- YOUR GOAL -
The data shown below should all be retyped exactly.

Short web captions:
***
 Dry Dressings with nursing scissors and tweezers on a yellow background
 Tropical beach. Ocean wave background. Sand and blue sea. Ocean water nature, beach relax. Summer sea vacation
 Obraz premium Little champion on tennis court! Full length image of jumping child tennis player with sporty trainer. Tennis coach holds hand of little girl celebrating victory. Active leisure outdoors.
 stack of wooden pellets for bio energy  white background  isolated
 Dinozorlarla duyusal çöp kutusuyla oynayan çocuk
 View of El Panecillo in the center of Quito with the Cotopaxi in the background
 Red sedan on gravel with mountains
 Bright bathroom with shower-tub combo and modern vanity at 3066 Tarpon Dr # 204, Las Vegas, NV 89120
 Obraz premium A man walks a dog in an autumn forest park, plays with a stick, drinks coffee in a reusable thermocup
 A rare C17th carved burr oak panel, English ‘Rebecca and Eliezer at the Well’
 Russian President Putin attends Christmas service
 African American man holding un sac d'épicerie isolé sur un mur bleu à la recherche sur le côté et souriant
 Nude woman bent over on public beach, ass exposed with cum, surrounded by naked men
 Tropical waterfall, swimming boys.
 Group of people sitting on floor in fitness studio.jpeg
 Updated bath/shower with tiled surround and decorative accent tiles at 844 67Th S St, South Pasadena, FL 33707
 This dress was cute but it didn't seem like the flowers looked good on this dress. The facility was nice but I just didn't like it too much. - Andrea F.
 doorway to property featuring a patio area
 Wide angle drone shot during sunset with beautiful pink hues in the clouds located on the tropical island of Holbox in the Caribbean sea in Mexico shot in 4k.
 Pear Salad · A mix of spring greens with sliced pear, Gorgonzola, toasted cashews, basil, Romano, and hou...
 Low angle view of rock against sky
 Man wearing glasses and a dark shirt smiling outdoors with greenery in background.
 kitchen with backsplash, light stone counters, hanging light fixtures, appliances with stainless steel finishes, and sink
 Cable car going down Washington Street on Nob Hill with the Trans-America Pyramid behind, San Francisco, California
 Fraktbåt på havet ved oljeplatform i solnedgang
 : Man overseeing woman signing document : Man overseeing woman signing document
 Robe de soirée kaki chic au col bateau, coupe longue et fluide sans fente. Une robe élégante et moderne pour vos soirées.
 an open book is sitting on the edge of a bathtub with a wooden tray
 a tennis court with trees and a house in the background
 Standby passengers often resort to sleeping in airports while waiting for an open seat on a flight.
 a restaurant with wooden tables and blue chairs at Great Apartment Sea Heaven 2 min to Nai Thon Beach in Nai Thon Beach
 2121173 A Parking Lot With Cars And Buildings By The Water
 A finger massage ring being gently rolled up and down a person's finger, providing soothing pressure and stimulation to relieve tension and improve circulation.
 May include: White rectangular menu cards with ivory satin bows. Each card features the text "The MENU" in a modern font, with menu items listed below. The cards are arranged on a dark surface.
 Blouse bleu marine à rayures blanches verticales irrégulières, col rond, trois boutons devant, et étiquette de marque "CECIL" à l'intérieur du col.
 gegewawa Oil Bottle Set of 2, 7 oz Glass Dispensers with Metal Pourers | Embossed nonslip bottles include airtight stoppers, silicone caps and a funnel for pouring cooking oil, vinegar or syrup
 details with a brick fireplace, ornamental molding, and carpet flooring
***
- RESPONSE TO THE EXERCISE -
 Dry Dressings with nursing scissors and tweezers on a yellow background
 Tropical beach. Ocean wave background. Sand and blue sea. Ocean water nature, beach relax. Summer sea vacation
 Obraz premium Little champion on tennis court! Full length image of jumping child tennis player with sporty trainer. Tennis coach holds hand of little girl celebrating victory. Active leisure outdoors.
 stack of wooden pellets for bio energy  white background  isolated
 Dinozorlarla duyusal çöp kutusuyla oynayan çocuk
 View of El Panecillo in the center of Quito with the Cotopaxi in the background
 Red sedan on gravel with mountains
 Bright bathroom with shower-tub combo and modern vanity at 3066 Tarpon Dr # 204, Las Vegas, NV 89120
 Obraz premium A man walks a dog in an autumn forest park, plays with a stick, drinks coffee in a reusable thermocup
 A rare C17th carved burr oak panel, English ‘Rebecca and Eliezer at the Well’
 Russian President Putin attends Christmas service
 African American man holding un sac d'épicerie isolé sur un mur bleu à la recherche sur le côté et souriant
 Nude woman bent over on public beach, ass exposed with cum, surrounded by naked men
 Tropical waterfall, swimming boys.
 Group of people sitting on floor in fitness studio.jpeg
 Updated bath/shower with tiled surround and decorative accent tiles at 844 67Th S St, South Pasadena, FL 33707
 This dress was cute but it didn't seem like the flowers looked good on this dress. The facility was nice but I just didn't like it too much. - Andrea F.
 doorway to property featuring a patio area
 Wide angle drone shot during sunset with beautiful pink hues in the clouds located on the tropical island of Holbox in the Caribbean sea in Mexico shot in 4k.
 Pear Salad · A mix of spring greens with sliced pear, Gorgonzola, toasted cashews, basil, Romano, and hou...
 Low angle view of rock against sky
 Man wearing glasses and a dark shirt smiling outdoors with greenery in background.
 kitchen with backsplash, light stone counters, hanging light fixtures, appliances with stainless steel finishes, and sink
 Cable car going down Washington Street on Nob Hill with the Trans-America Pyramid behind, San Francisco, California
 Fraktbåt på havet ved oljeplatform i solnedgang
 : Man overseeing woman signing document : Man overseeing woman signing document
 Robe de soirée kaki chic au col bateau, coupe longue et fluide sans fente. Une robe élégante et moderne pour vos soirées.
 an open book is sitting on the edge of a bathtub with a wooden tray
 a tennis court with trees and a house in the background
 Standby passengers often resort to sleeping in airports while waiting for an open seat on a flight.
 a restaurant with wooden tables and blue chairs at Great Apartment Sea Heaven 2 min to Nai Thon Beach in Nai Thon Beach
 2121173 A Parking Lot With Cars And Buildings By The Water
 A finger massage ring being gently rolled up and down a person's finger, providing soothing pressure and stimulation to relieve tension and improve circulation.
 May include: White rectangular menu cards with ivory satin bows. Each card features the text "The MENU" in a modern font, with menu items listed below. The cards are arranged on a dark surface.
 Blouse bleu marine à rayures blanches verticales irrégulières, col rond, trois boutons devant, et étiquette de marque "CECIL" à l'intérieur du col.
 gegewawa Oil Bottle Set of 2, 7 oz Glass Dispensers with Metal Pourers | Embossed nonslip bottles include airtight stoppers, silicone caps and a funnel for pouring cooking oil, vinegar or syrup
 details with a brick fireplace, ornamental molding, and carpet flooring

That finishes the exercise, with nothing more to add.